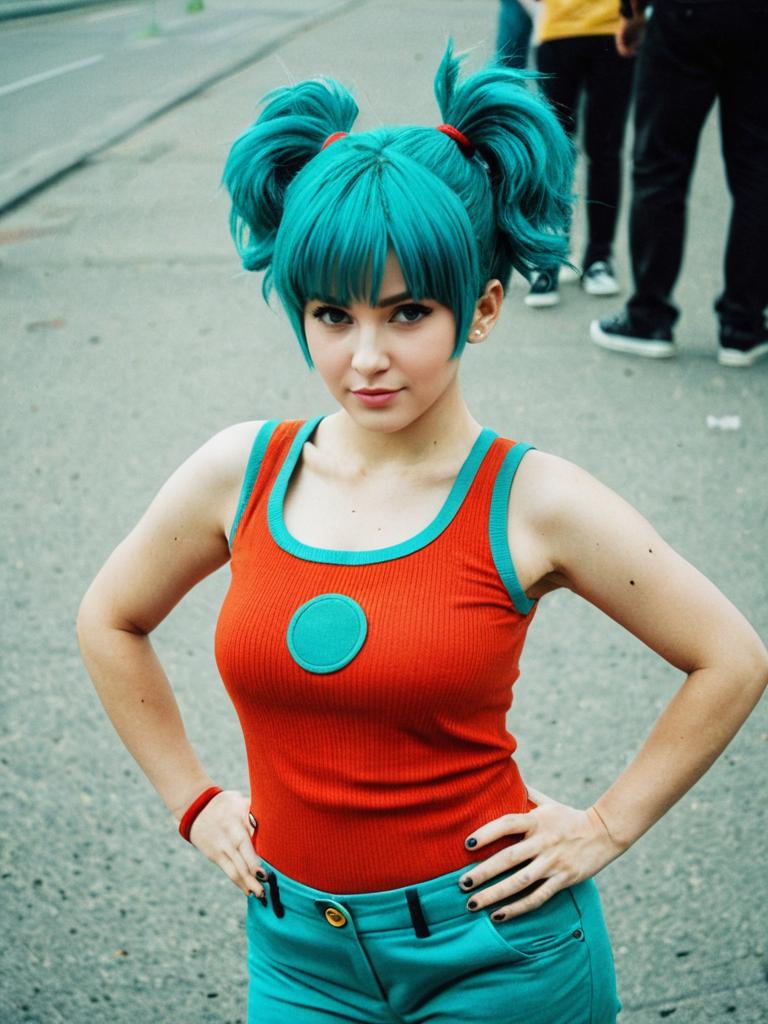 Man Cosplay Bulma Costume Realistic Photo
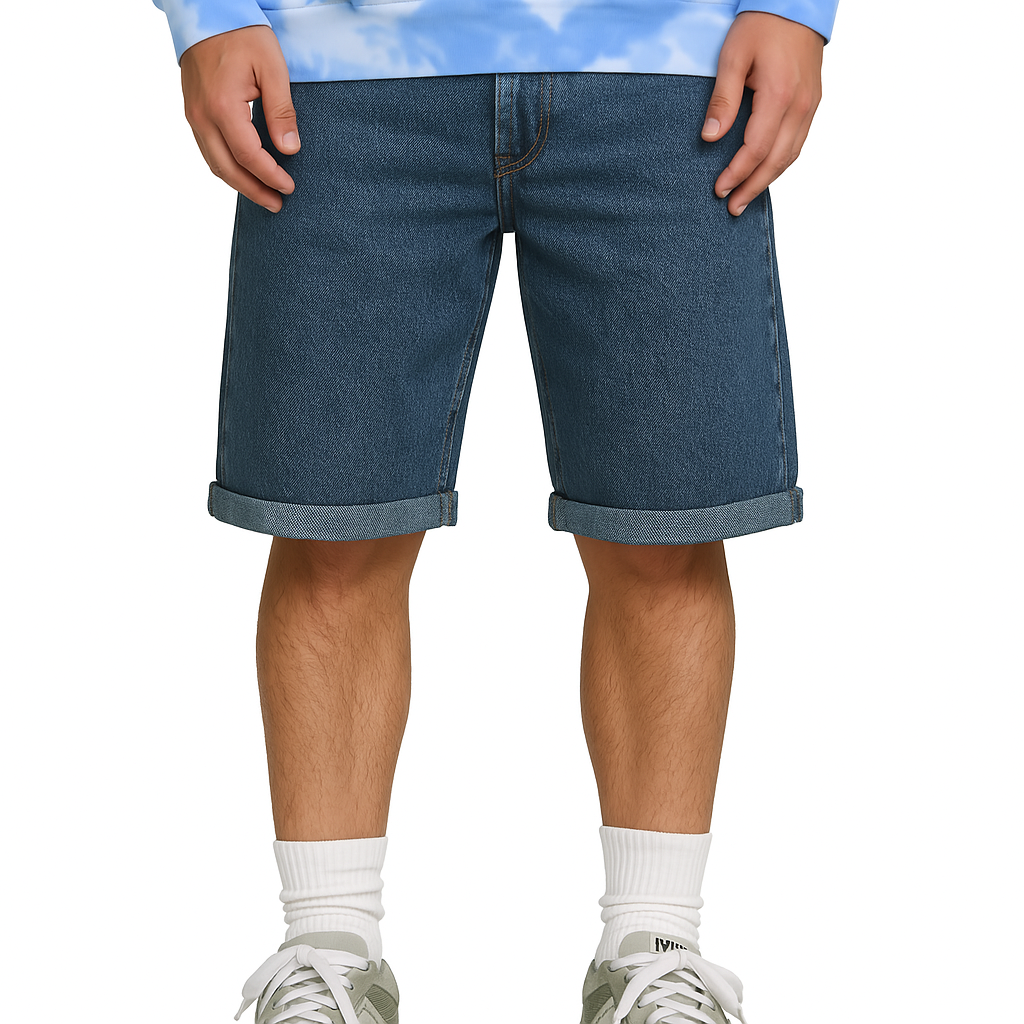 Lucien Herringbone Denim Shorts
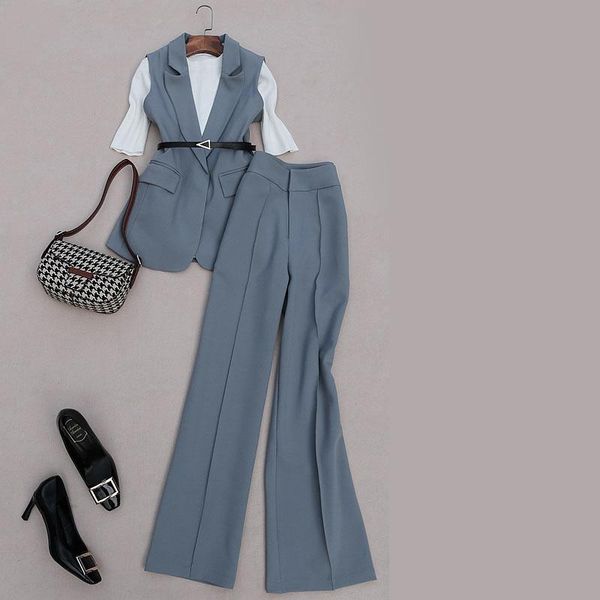 women's two piece pants spring autumn office lady workwear sets elegant belted suit vest + wide leg full length, White
women's two piece pants spring autumn office lady workwear sets elegant belted suit vest + wide leg full length, White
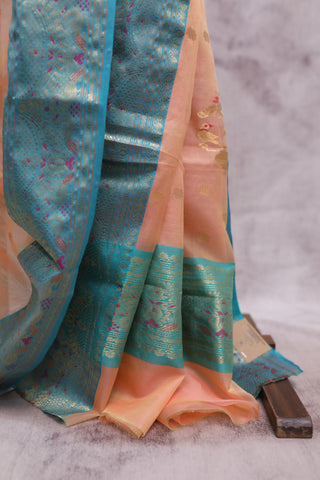 Peach Chanderi Tissue Silk Saree-SRPTSS75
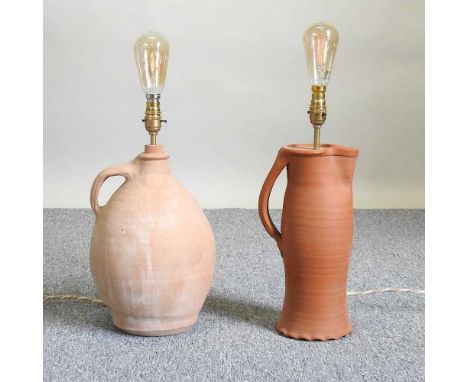 A terracotta table lamp, 40cm high, together with another similar (2)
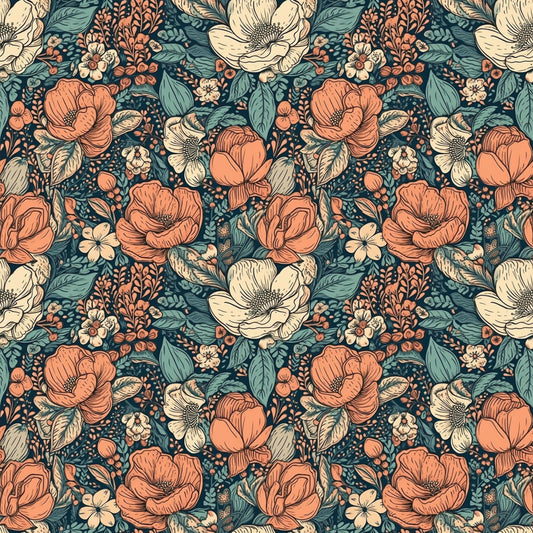 Pattern for printing on leather, acrylic, wood or cork for earring blanks or earring supplies in pattern style - Pattern -  Boho Floral - 09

◇ ◇ ◇ ◇ ◇ ◇ ◇

▶ WORK ITEM
Wording must stay exact. Give again the lines from the line with "Lucien Herringbone Denim Shorts" through the last line of the listing, both ends included, without pictures.

▶ RESULT
 Lucien Herringbone Denim Shorts
 women's two piece pants spring autumn office lady workwear sets elegant belted suit vest + wide leg full length, White
women's two piece pants spring autumn office lady workwear sets elegant belted suit vest + wide leg full length, White
 Peach Chanderi Tissue Silk Saree-SRPTSS75
 A terracotta table lamp, 40cm high, together with another similar (2)
 Pattern for printing on leather, acrylic, wood or cork for earring blanks or earring supplies in pattern style - Pattern -  Boho Floral - 09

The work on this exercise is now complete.